-- Opening Marker --

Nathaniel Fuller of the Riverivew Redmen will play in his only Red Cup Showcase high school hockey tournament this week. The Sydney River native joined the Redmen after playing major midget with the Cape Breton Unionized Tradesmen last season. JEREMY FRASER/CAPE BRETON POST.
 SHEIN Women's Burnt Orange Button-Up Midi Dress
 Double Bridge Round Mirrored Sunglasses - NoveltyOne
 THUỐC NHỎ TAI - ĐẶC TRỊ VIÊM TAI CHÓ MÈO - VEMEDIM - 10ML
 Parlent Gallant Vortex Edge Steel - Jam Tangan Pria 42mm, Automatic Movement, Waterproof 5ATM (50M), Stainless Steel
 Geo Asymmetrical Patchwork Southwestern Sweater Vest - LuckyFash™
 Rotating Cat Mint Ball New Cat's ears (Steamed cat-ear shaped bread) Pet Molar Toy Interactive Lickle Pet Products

-- Closing Marker --

- _About this task_
The expected output is the lines from the one holding "SHEIN Women's Burnt" through the last line of the data, exactly as they appear, with nothing before or after.

- _Solution for this problem_
 SHEIN Women's Burnt Orange Button-Up Midi Dress
 Double Bridge Round Mirrored Sunglasses - NoveltyOne
 THUỐC NHỎ TAI - ĐẶC TRỊ VIÊM TAI CHÓ MÈO - VEMEDIM - 10ML
 Parlent Gallant Vortex Edge Steel - Jam Tangan Pria 42mm, Automatic Movement, Waterproof 5ATM (50M), Stainless Steel
 Geo Asymmetrical Patchwork Southwestern Sweater Vest - LuckyFash™
 Rotating Cat Mint Ball New Cat's ears (Steamed cat-ear shaped bread) Pet Molar Toy Interactive Lickle Pet Products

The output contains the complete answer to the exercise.